Kedua, mengakui perbedaan identitas agama masing-masing (lakum
dinukum wa liya diin). Potongan ayat dari Surat al-Kafirun ini menjelaskan
bahwa Islam mangakui hak hidup pemeluk agama lain dan menghargai para
pemeluk agama-agama tersebut untuk menjalankan ajaran-ajaran agama
masing-masing.
Hal tersebut diatas yang menjadi dasar agama Islam dalam toleransi
beragama terlepas apa agamanya, penganut agama lain harus dihargai
sebagai manusia sesama makhluk ciptaan Allah. Salah satu hal penting yang
dapat menjadi modal untuk bisa bersikap toleran adalah mencari titik temu,
bukan melihat bahkan mencari perbadaaan yang ada (Majalah alKisah, edisi
30 Mei 12 Juni 2011: 12).
Kenyataan itulah yang tercermin dalam kehidupan keberagamaan di
Desa Traji yang saling menghormati antar pemeluk agama. Telah
disebutkan sebelumnya pada bab III bahwa kehidupan beragama masyarakat
Traji sangat menjunjung toleransi bahkan ketika dakwah Islam berlangsung,
dengan diadakanya acara keagamaan mereka yang menganut agama lain
ikut hadir bahkan walaupun ketika Idul Fitri mereka tetap ikut merayakanya.
Namun, mereka (dalam hal ini masyarakat non muslim) juga memaklumi
jika mereka merayakan hari kebesaran, masyarakat Islam tidak berani untuk
mengucapkan selamat. Hal ini dikarenakan, para ulama atau juga da’i masih
kontroversi mengenai pendapat tentang hukum memberikan selamat
terhadap pemeluk agama lain.
Dengan sikap masyarakat non muslim yang bisa memaklumi
pemahaman pemeluk agama Islam, menunjukkan adanya sikap saling
menghormati, saling mengerti, dan toleransi antar pemeluk agama pada
masyarakat Desa Traji.
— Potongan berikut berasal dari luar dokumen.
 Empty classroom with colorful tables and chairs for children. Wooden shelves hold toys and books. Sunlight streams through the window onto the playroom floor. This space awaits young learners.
Sehingga dengan adanya sikap tersebut, kerukunan
hidup beragama antar pemeluk agama bisa saling terjaga dari tahun ke
tahun.
Meskipun pembangunan kehidupan umat beragama yang harmonis
menghadapi tantangan berat, namun ada beberapa peluang yang
menguntungkan yang dapat dijadikan landasan atau kaedah bersama
kedepan, yaitu:
Pertama, semua agama ingin mensejahterakan para pemeluknya,
secara universal agama ingin menolong orang-orang miskin dan teraniaya.
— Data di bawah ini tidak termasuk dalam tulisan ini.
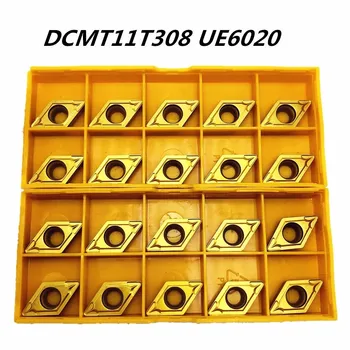 20PCS Virpas instrumentu DCMT11T308 DCMT32.52 UE6020 ārējā metāla virpošanas instrumenti, karbīda slīpēšanas instruments DCMT11T308 CNC produktu virpas instrumentu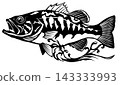 Cool silhouette of a black bass in a paper-cut style design 143333993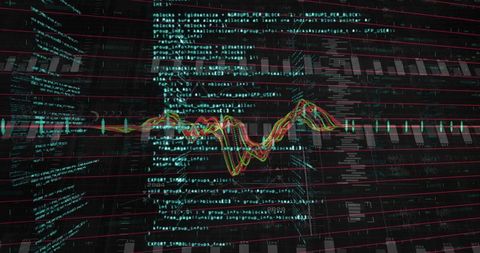 Displaying Multilayer Data Visualization with Floating Waveform over 3D Code Grid Interface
Persamaan pandangan tersebut memungkinkan berbagai agama dapat
bekerjasama untuk melakukan kegiatan sosial.
Kedua, agama-agama di Indonesia bersedia mengembangkan
wawasan keagamaan yang inklusif, mau menerima dan menghargai
kehadiran golongan agama-agama lain dan hidup berdampingan secara
damai.
Ketiga, hubungan kekerabatan dalam masyarakat Indonesia dalam
meredam pertentangan antara agama yang berbeda (rumah betang di
Kalimantan Tengah, Pela Gadong di Ambon, Keluarga atau Marga di
Sumatera Utara).
Keempat, berbagai upaya pemerintah yang telah dilakukan utnuk
mendekatkan perbedaan di dalam masyarakat di dukung oleh semua pemuka
agama.
Untuk menciptakan suasana rukun seperti itu pada kalangan umat
beragama, ditempuh strategi sebagai berikut:
1. Membimbing umat beragama agar semakin meningkat keimanan dan
ketakwaan kepada Tuhan dalam suasana rukun, baik intern maupun antar
umat beragama. Dalam hal ini kesadaran umat beragama atau didorong
untuk lebih menghayati esensi ajaran setiap agama, yakni; pertama, agama
tidak diturunkan untuk menganjurkan kekerasan bagi pemeluk agama
lainya; kedua, esensi setiap agama diturunkan kedunia adalah untuk
memberi manfaat dan kebaikan sebesar-besarnya bagi kehidupan sosial
bersama umat manusia.
2. Melayani dan menyediakan kemudahan bagi penganut agama.
3. Tidak mencampuri urusan akidah/ dogma dan ibadah sesuatu agama.
4. Negara dan pemerintah membantu/ membimbing penunaian agama.
5. Melindungi agama dari penyalahgunaan dan penodaan kesucian agama.
6. Pemerintah mendorong dan mengarahkan segenap komponen
masyarakat untuk lebih meningkatkan kerjasama dan kemitraan dalam
seluruh lapangan kehidupan masyarakat, bukan bentuk hegemoni dan
penindasan oleh suatu kelompok kepada kelompok lainnya.
7. Mendorong umat beragama agar mampu mempraktekkan hidup rukun
dalam bingkai pancasila, konstitusi dan dalam tertib hukum bersama.
8. Mengembangkan wawasan multikultural bagi seganap lapisan dan
unsur masyarakat melalui jalur pendidikan, penyuluhan, dan riset.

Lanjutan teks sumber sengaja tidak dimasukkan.